I just want to thank you for your portrayal of Alex and her husband. I don't know who you are basing these characters on, but you've got some stuff right on. For my partner, four years out of the military, the war goes on. Just because he isn't in it anymore doesn't mean that it's stopped for him. And because it's always here with him, it's always here for me. Every night he returns to a battlefield in his dreams. Things that are normal and ordinary for me, like planes and helicopters, send him inexorably into a heightened state of anxiety. So much of the rhetoric around the war and the military reduces people to numbers, to abstracts. The people serving are "troops." There are "casualties." Thank you for continuing to show a character that is a former soldier as a human being. It seems to me that if the military acknowledged that the pressures of war and conflict were recognized as fundamentally damaging to humans, then no one would be able to make policy that sends humans into war. It's a big thing, I think, when the soldiers recognize that the system they are contracted to is insane. It's a difficult task to spotlight the insanity, and an even harder one to try to heal it. How we move forward from here, I don't know. But thank you for keeping it real. Yours is the only portrayal of vets and their communities that feels authentic.

Thomas Taggart | Asheville, NC | August 04, 2012

You are taking us into new territory. Very intriguing.

Medicvet | Tulsa, OK | August 03, 2012

I just want to say I love the entire "dropping the fourth wall," as they say in TV phraseleogy, and I'm only using that expression because I have no idea what you would call it in the comic strip world.

Anna | Vancouver, CANADA | August 03, 2012

Wait... You aren't really phasing out all the characters over 40, are you? I learned late 20th century American history through them! Seriously, I'll beg if necessary.

Sue | Oakland, CA | August 02, 2012

I saw Zipper earlier in the week, so I'm really-really hoping that Zonker is still going to be showing up from time to time. As an "green-thumbed aging hippie chick" I would miss my kindred spirit in the strip.

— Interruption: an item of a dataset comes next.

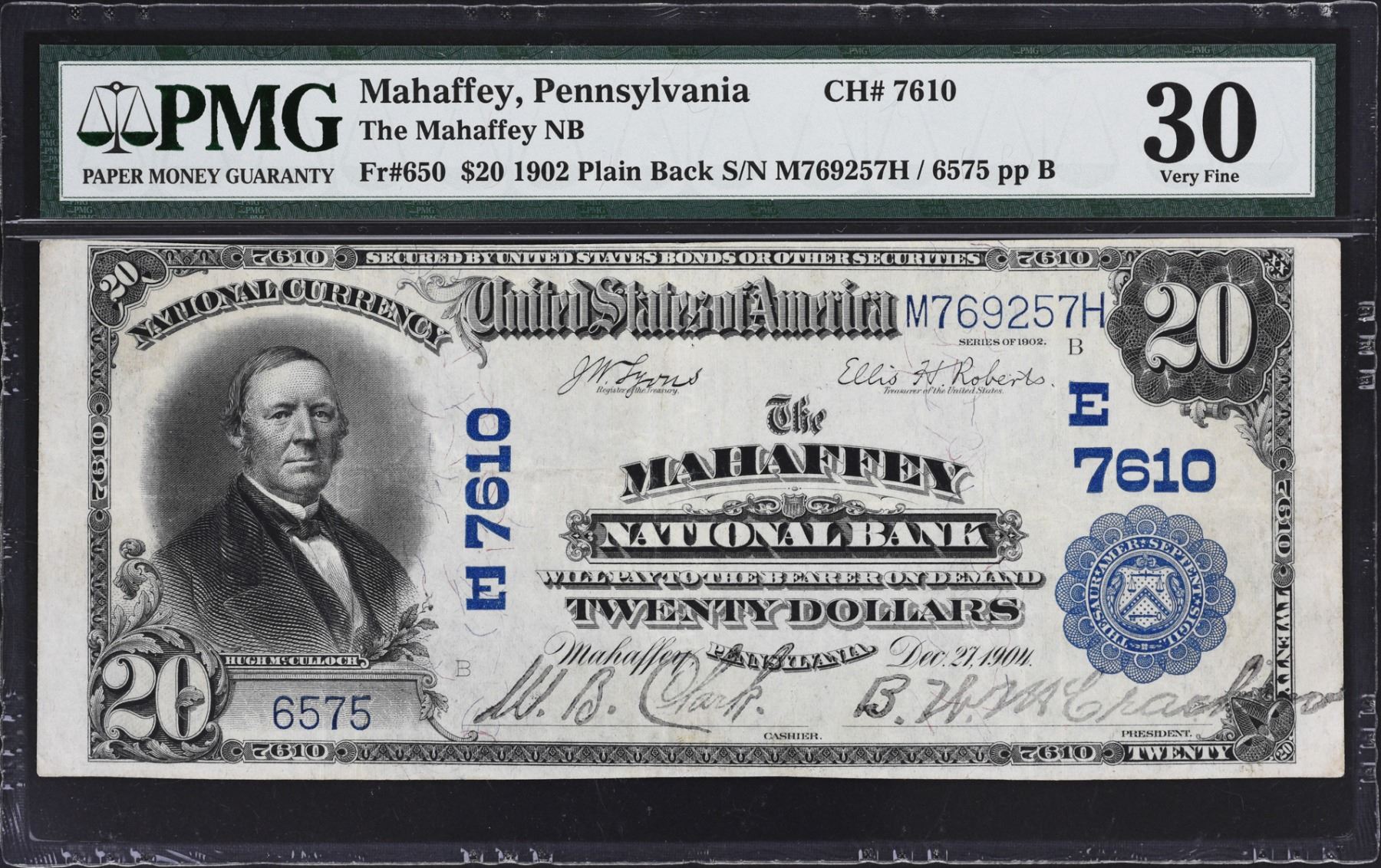 Mahaffey, Pennsylvania. 1902 20 Plain Back. Fr. 650. Mahaffey NB. Charter 7610. PMG Very Fine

Brummbaer | Independence, MO | August 02, 2012

I'm not sure what the angle is with this Alex "takeover," but I find it less than amusing. I keep telling myself that it is just some not so funny exercise, the artist taking liberties with his work, but should this not be the case and the new Alex strip is to be the norm, I won't be around much longer. If this is what the "peeps" want, don't count me as a peep.

David Cooke | Issaquah, WA | August 02, 2012

if young Mrs. DeLuca actually can take over the script and nix characters at will, is it possible that all the characters in the strip are actually projections of Mike? Perhaps the entire strip has been a giant puff of Mike's imagination, like Mr. Butts. So my question is -- what was Mike smoking back in college that set him on this 40 year trip, and where can I get some?

R.B.S. | San Francisco, CA | August 01, 2012

I thought this must be Mike's summer daydream. Then I realized it's Alex's summer daydream. A mindbender.

Dr. Jimmy and Mr. Jim | Whitmore Lake, MI | August 01, 2012

Drew and other children of Baby Boomers, know that we will not go quietly into that good night, and you can not yet take over our world. Keep up the good fight, Mike D. You are an original and cannot be replaced.

Pat Goudey O'Brien | Warren, VT | August 01, 2012

I am so missing the steady hand of the duty officer. Alex is running amok! I love the girl, but she needs someone to rein her in, and her Daddy -- the rational parent -- was never all that good at it. I hope GBT can successfully pull this back to a reasonable place after messing with our heads this way. It's not nice to fool with cartoon nature...

Isabel | Edling, GERMANY | August 01, 2012

Please, please let the Alex takeover be a Summer Dream! And may we wake up soon... it's more like a nightmare. Mike, show some backbone already!

J.W.H. | Springfield, VA | July 31, 2012

I'm a Gen-X dude -- midway between Mike's age and Alex's age. But I'm seriously laughing at this week's "handing over the strip to Alex" conceit. But it also makes me a little sad. I can't help comparing Mike to my own Baby Boomer parents, and I wonder what it feels like for them as their children (now in their 30s) are hitting their stride personally and professionally.